LAPD Officer Shot, Wounded Near Police Station
By Richard Winton and Kevin Rector
Source Los Angeles Times
LOS ANGELES—A Los Angeles police officer was shot and wounded near the LAPD’s Newton station in South L.A. early Thursday, officials said.
The circumstances that led to the shooting, which occurred shortly after 5 a.m. near South Central Avenue and East 34th Street, were not immediately clear, LAPD Capt. Stacy Spell said. The officer was shot while driving to work, Spell said.
The male officer, who was not identified, was able to get to a nearby fire station to seek help and then was rushed to a hospital, Assistant Chief Rob Marino said.
“I am happy to report he is in stable condition. ... He will be fine,” Marino said.
LAPD Chief Michel Moore said in a tweet that he had spoken to the injured officer by phone and was grateful that it appeared he would survive what the chief called an “unprovoked attack.”
The bullet grazed the side of the officer’s head, police said.
The officer, a 20-year veteran detective who works juvenile crimes, heard the glass shattering on his truck and “he feels a sharp pain to back of his head,” Marino said.

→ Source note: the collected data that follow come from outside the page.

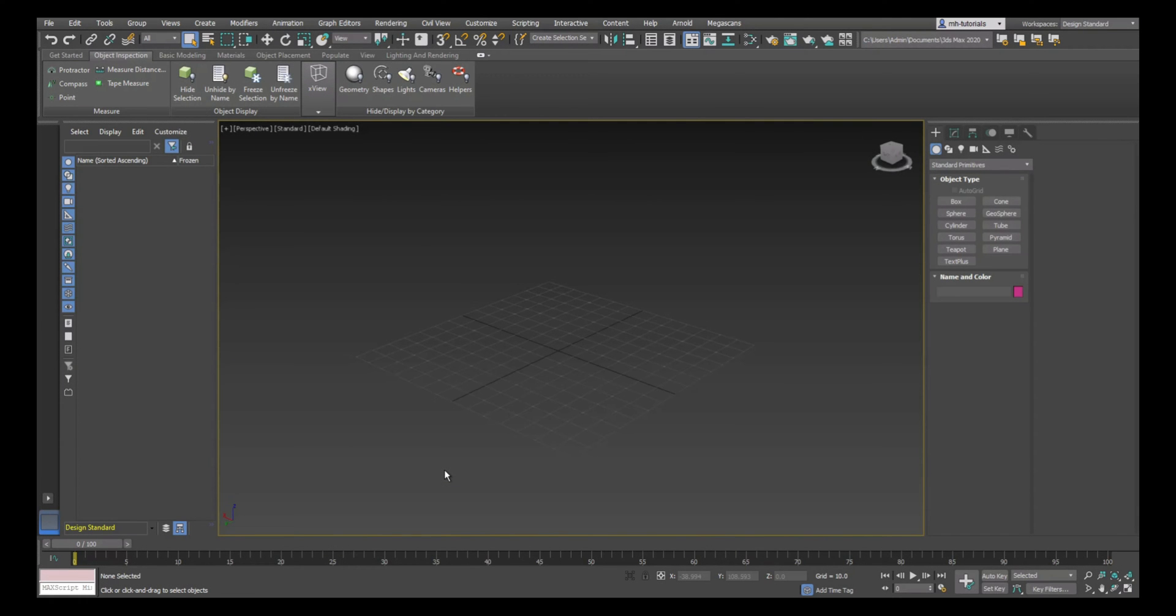Hey everybody and welcome to a brand new video. Today we're going to do the second video in the 3ds Max beginner series, and we're going to be talking about a function called AutoGrid.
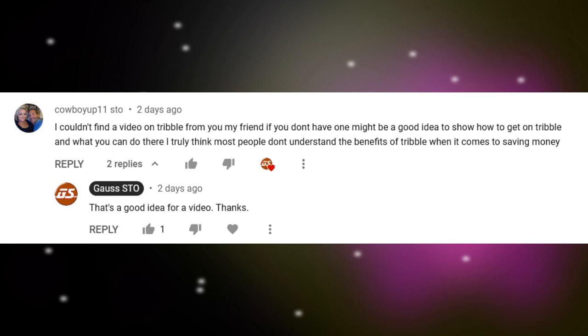Greetings everyone and welcome to another video. A viewer suggested that I do a video about the Tribble test server and that sounded like a good idea, so here we are.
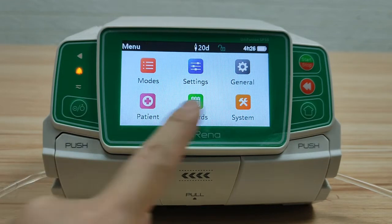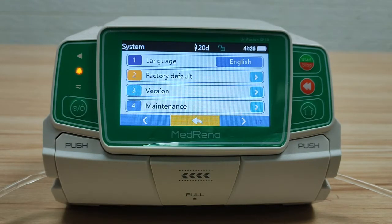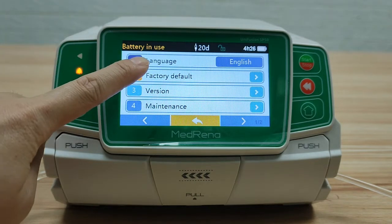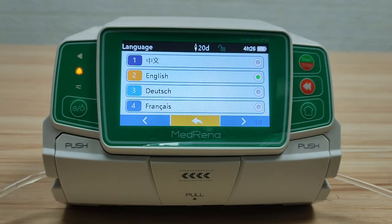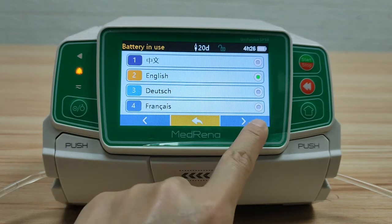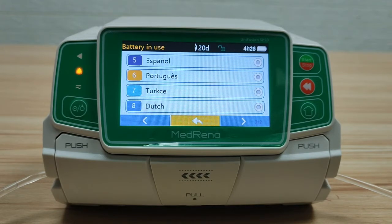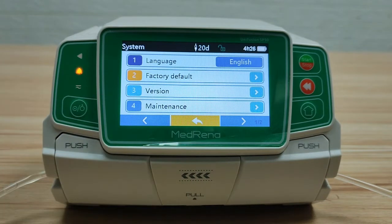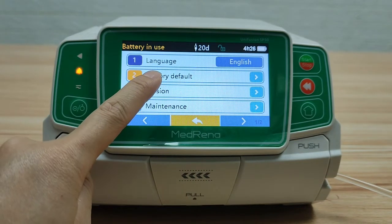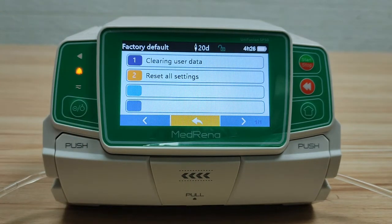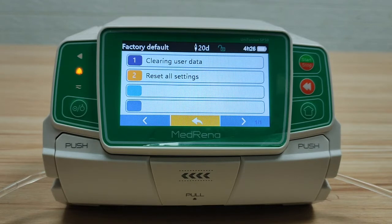The last box is System. First, language: there are eight languages in the display, but more than 12 languages are available — please check with us whether your language is available. Factory default: this item is rarely used by end users; leave it to the service engineer when repair is needed.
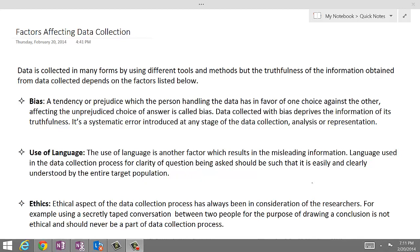Number one is bias. Bias is a tendency or a prejudice which the person handling the data has in favor of one choice against the other, and it may affect the unprejudiced choice of answer. The data collected with bias deprives the information of its truthfulness. Thus, it is a systematic error introduced at any stage of data collection, analysis, or representation.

Images from outside the police station showed a pickup truck with its front wheels up on the sidewalk and damage to its windows.
Robbery Homicide Capt. Jonathan Tippet said a 14-year-old boy was in custody and is the lone suspect in the shooting.
The boy was apprehended a few blocks away, at East 29th Street and Naomi Avenue, in possession of a handgun, Marino said.
Moore told The Times that if the shot had been just “a few degrees” in a different direction, “it could have been much, much worse.”
Moore said that it was “way too soon” to know whether the officer, who was in plainclothes, was specifically targeted, but that possibility was being investigated, given his proximity to the Newton police station.
Moore lamented the increase of gunfire in South L.A. and across the city this year. While the pace of shootings since last month is slightly down from what it was during the same period last year, “violence is still way too high,” Moore said.
“We’ve got to change this,” he said Thursday morning, after earlier tweeting, “Too many guns in too many hands.”
Through Sept. 25, shootings in Los Angeles were up nearly 29% over the same period last year, and nearly 44% over 2019, according to department data.